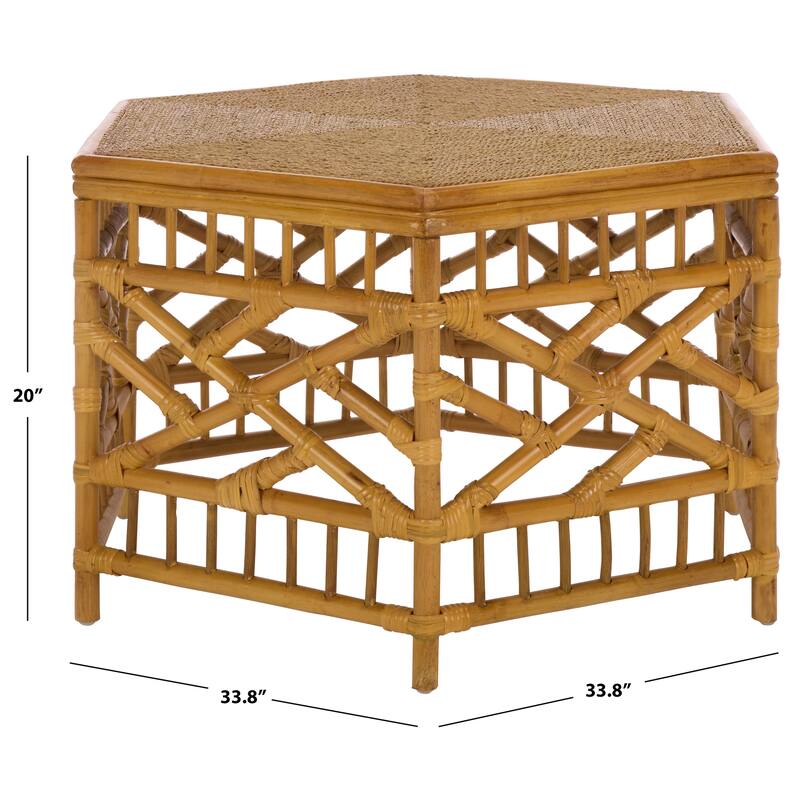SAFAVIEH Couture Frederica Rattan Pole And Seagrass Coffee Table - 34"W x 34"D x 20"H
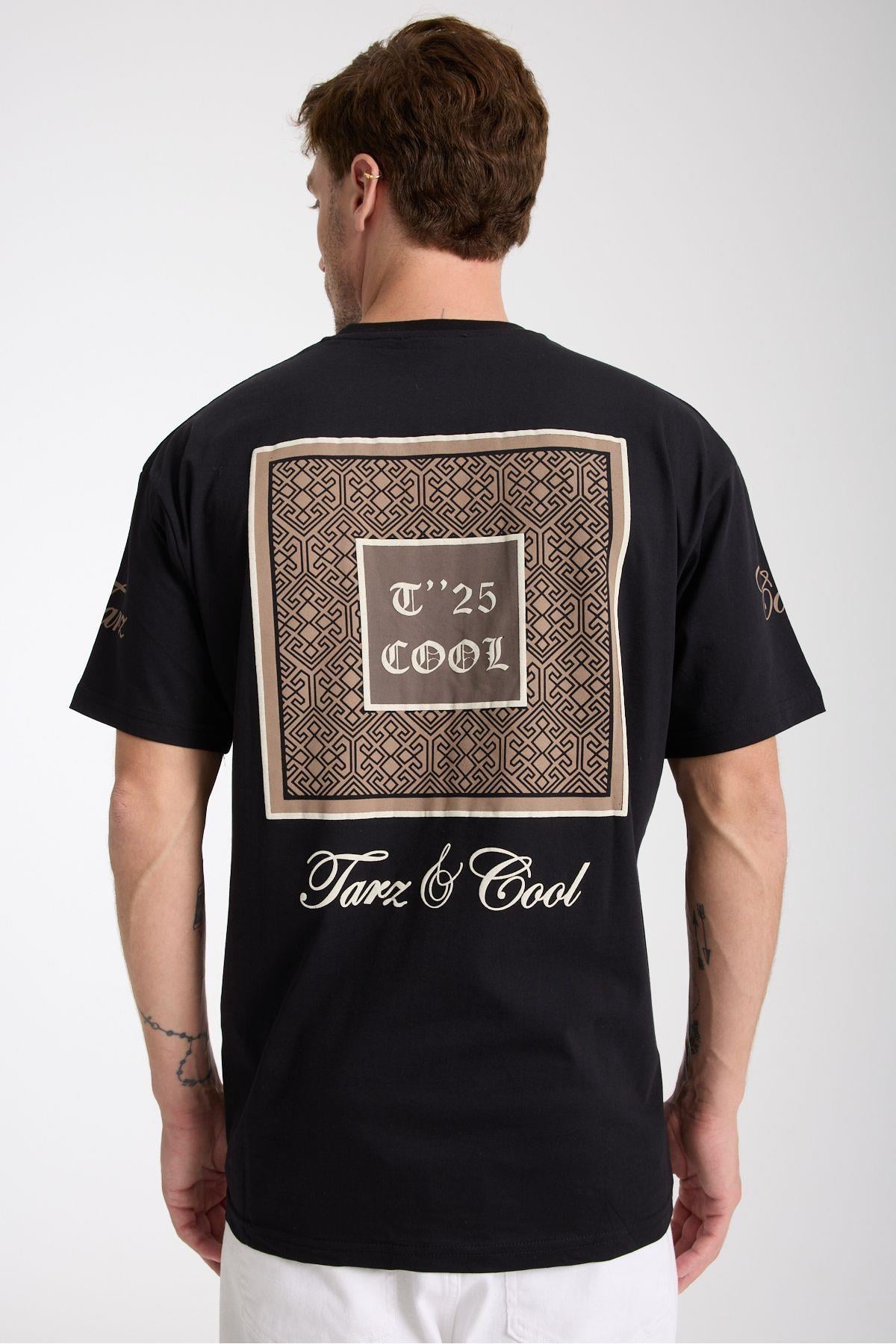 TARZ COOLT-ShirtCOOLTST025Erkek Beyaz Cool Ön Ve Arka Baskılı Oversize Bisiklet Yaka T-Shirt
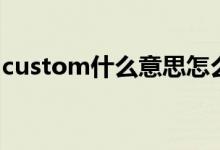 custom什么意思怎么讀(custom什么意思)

* * *

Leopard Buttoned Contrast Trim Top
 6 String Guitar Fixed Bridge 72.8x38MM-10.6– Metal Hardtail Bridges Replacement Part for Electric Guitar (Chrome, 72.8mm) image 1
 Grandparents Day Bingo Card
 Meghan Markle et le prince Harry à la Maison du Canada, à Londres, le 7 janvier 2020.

==

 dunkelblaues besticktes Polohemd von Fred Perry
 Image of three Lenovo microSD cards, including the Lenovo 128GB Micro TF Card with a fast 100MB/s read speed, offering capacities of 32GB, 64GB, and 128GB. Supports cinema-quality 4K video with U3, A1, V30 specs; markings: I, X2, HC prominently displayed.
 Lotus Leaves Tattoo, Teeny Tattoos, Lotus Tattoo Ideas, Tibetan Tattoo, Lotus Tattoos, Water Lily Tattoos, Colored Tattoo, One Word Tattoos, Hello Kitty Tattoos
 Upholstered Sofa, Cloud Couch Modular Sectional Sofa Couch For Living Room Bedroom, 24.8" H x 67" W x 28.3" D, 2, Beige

## TASK STATEMENT
What you return must be an exact retyping of the lines above starting at the line with "Grandparents Day Bingo Card" and ending at the line with "Meghan Markle et", and nothing besides.

## EXERCISE RESPONSE
 Grandparents Day Bingo Card
 Meghan Markle et le prince Harry à la Maison du Canada, à Londres, le 7 janvier 2020.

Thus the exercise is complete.